I have to say, when I heard about the film I was both intrigued and worried. It’s not that I think there are topics that can’t be treated by satire – but I also find the equal-opportunity-offender satire of, say, Trey Parker and Matt Stone neither particularly funny nor all that perceptive; in aiming at all targets, it rarely achieves more to my mind than a general, “Well, all positions can be a bit silly, can’t they?” Also, being offensive for its own sake is such a lazy way of satirising a subject. Which, let me hasten to say, Four Lions doesn’t do. In fact, for satire it is far from offensive in one important sense: as it opens its subjects to ridicule, it also evokes sympathy for them. It humanises its protagonists, the Muslim suicide bombers, as it shows them to be deeply flawed and silly in their motivations and reasoning. And it’s exactly this element that makes the film so funny and chilling in its strongest moments – rather than saying, “Those guys are our enemies and need to be destroyed” it asks us to see them as fellow human beings, albeit misguided ones… which may be much more subversive: love thy enemy.

But, apart from that, Four Lions is one of the funniest films I’ve seen in a while, asking the very important question: “Is a wookiee a bear, Control?”

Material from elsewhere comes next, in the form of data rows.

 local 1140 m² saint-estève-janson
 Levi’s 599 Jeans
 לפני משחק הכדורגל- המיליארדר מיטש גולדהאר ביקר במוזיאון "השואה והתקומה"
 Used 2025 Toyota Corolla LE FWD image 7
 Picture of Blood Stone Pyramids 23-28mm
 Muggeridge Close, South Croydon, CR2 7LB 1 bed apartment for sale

P.S.: In terms of its darky humorous yet sympathetic tone, Four Lions reminded me of the Danish black comedy Adam’s Apples. Also highly recommended!

Never Let Me Go

Since I liked Kazuo Ishiguro’s novel a lot, I was curious about the film version by Mark Romanek of One Hour Photo semi-fame. I was also worried; would the novel’s delicate, moody tone survive the transition to the big screen, and more importantly, would it survive La Knightley? I’m not her biggest fan – I do think she’s talented, but more often than not film makers make the assumption on the part of the audience that we fancy her like mad, and they then become lazy when it comes to letting her act. Instead she ends up doing her portruding-chin shtik that signifies, “My character is feisty, passionate and won’t take crap from anyone!” All too often she doesn’t portray characters on screen so much as do a slight variation of what she’s done in other successful films. Since I don’t find her particularly sexy (I was definitely Team Parminder in Bend It Like Beckham) Keira being Keira just isn’t enough.

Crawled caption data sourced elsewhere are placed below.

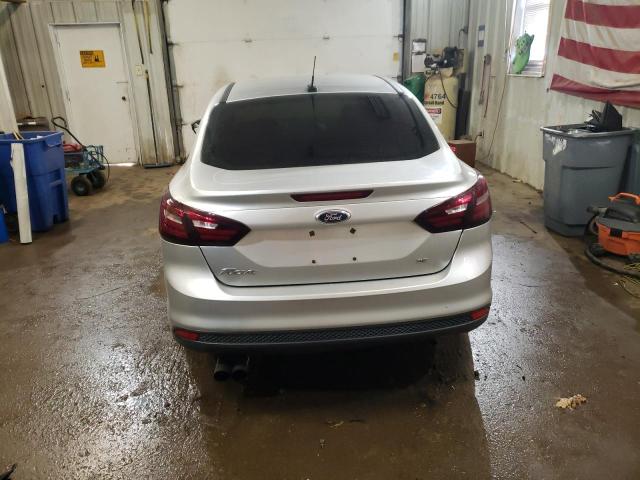 Седани FORD FOCUS 2014 Сріблястий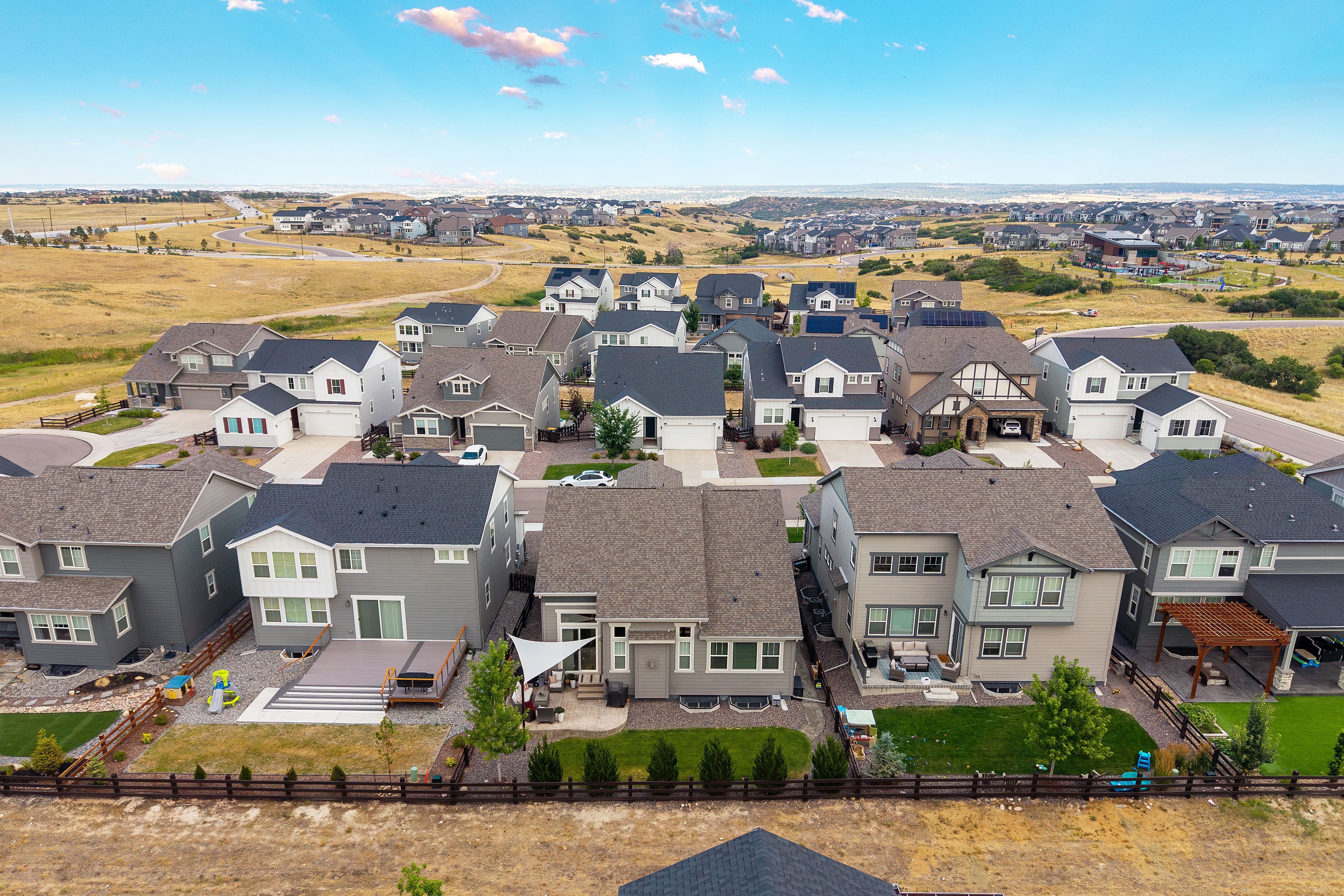  Beautifully Maintained, Fully Fenced Yard and Enjoy Colorado Living - 物件實景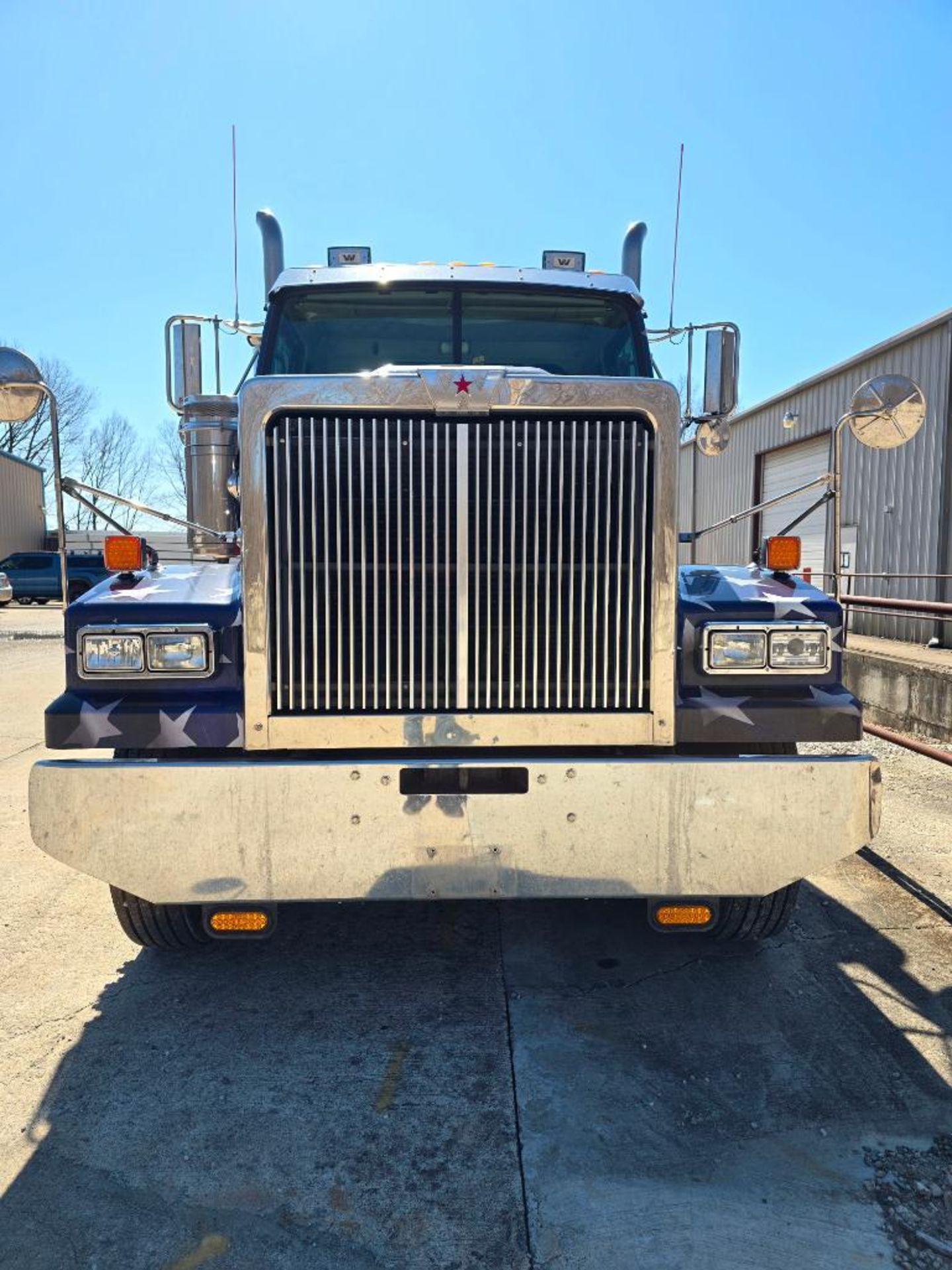 2015 Western Star 4900-SF Tandem Axle Tractor, Eaton 10-Speed Transmission, 405,989 Miles, Day Cab, - Image 9 of 18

I wasn’t particularly fair in this fear, at least when it comes to Never Let Me Go. The adaptation isn’t perfect: it would need some more time for the implications of what’s going on to sink in and be as quietly devastating as in Ishiguro’s novel, and the writing (the script is by Alex Garland, whose work I tend to find compelling and frustrating in equal measure) is a little too on-the-nose at times, assuming that the audience is too thick to get it. But the casting, including Keira Knightley, works perfectly. Yes, both Andrew Garfield and Carey Mulligan aren’t miles from the parts they usually play, and it’s not as if Knightley is miles away from other parts she’s done, but the actors fit their parts to a T, with Garfield especially delivering a performance as poignant as that he gave in Boy A. I could imagine that my first criticism is less of an issue for those who haven’t read the novel – the film isn’t rushed by any means, it just doesn’t give its audience quite as much breathing space, which is what I missed a bit.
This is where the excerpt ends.